• [Assignment] Please repeat the entries exactly as they appear and omit any images.

### Listed records ###

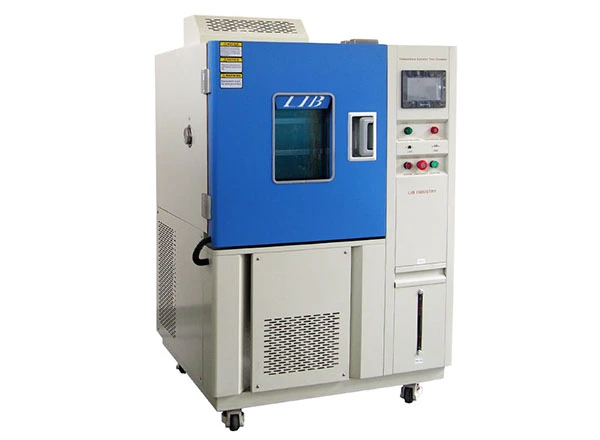 Chambre d'étalonnage d'humidité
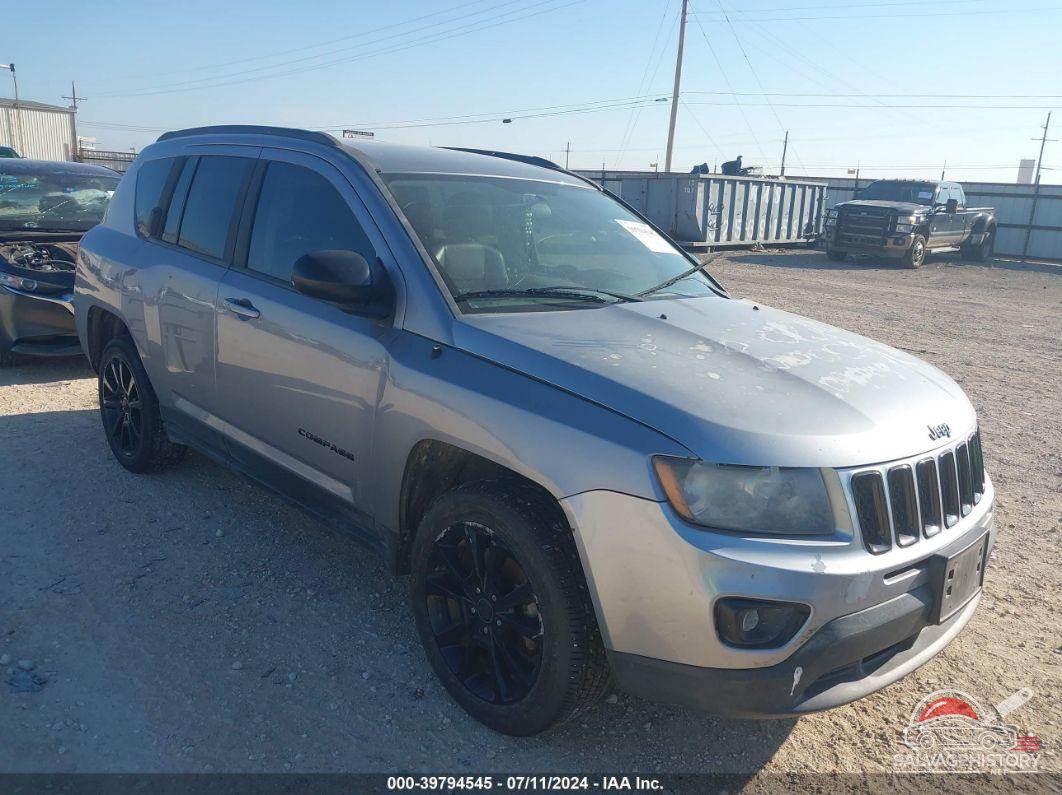 1C4NJCBA2FD361404 2015 JEEP COMPASS photo no. 15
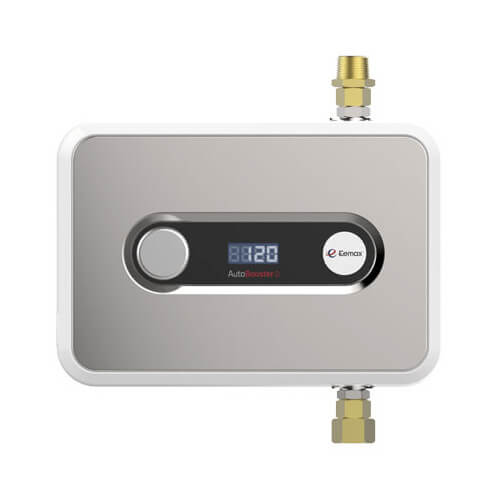 EEmax AutoBooster 7.2kW Electric Tankless Water Heater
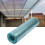 Polycarbonate Greenhouse Sheets,Transparent Plastic Roof Panel,UVProtected Rainproof 1
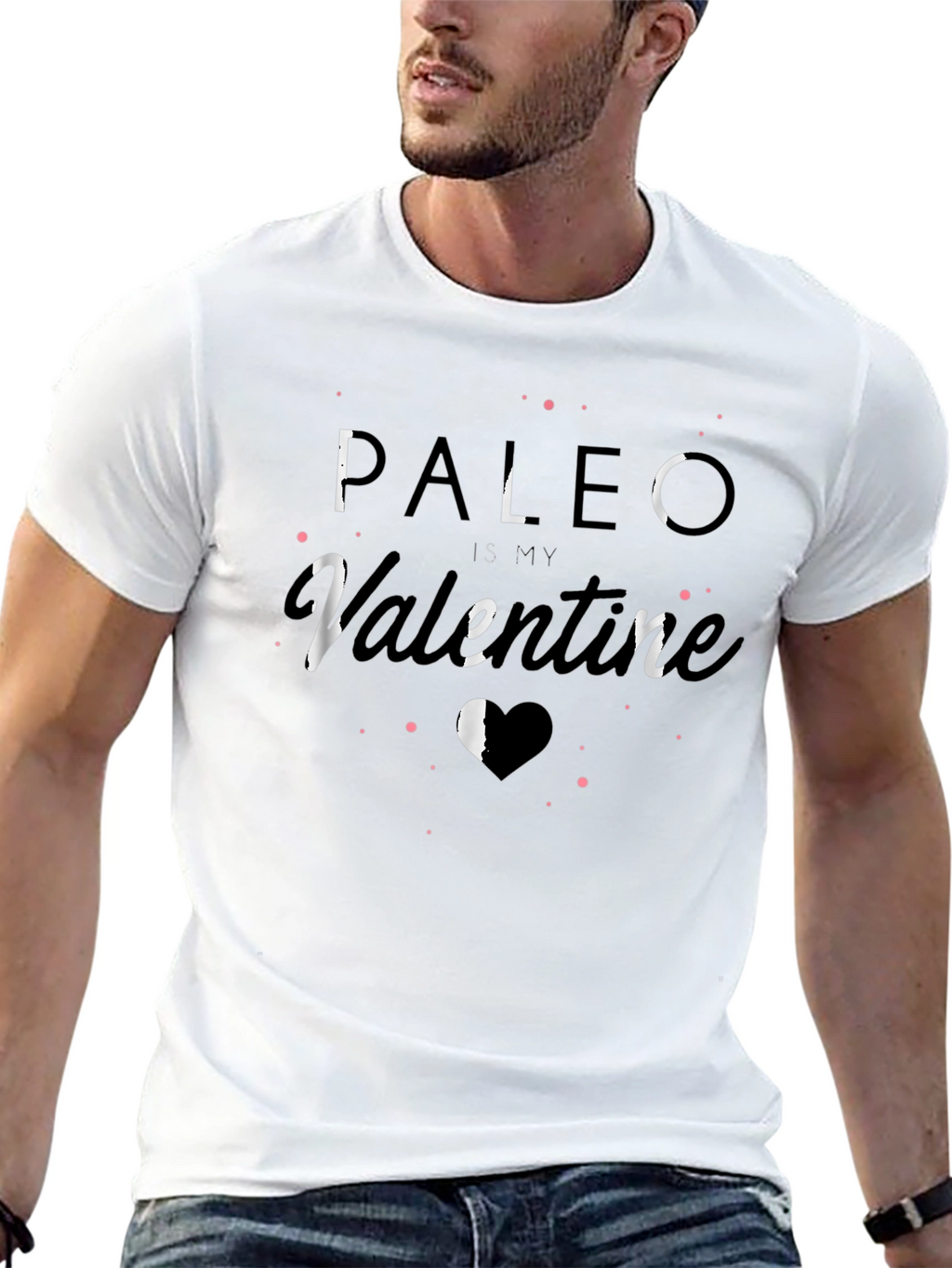Paleo Is My Valentine T-Shirt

###

• [Reply to the exercise]
 Chambre d'étalonnage d'humidité
 1C4NJCBA2FD361404 2015 JEEP COMPASS photo no. 15
 EEmax AutoBooster 7.2kW Electric Tankless Water Heater
 Polycarbonate Greenhouse Sheets,Transparent Plastic Roof Panel,UVProtected Rainproof 1
Paleo Is My Valentine T-Shirt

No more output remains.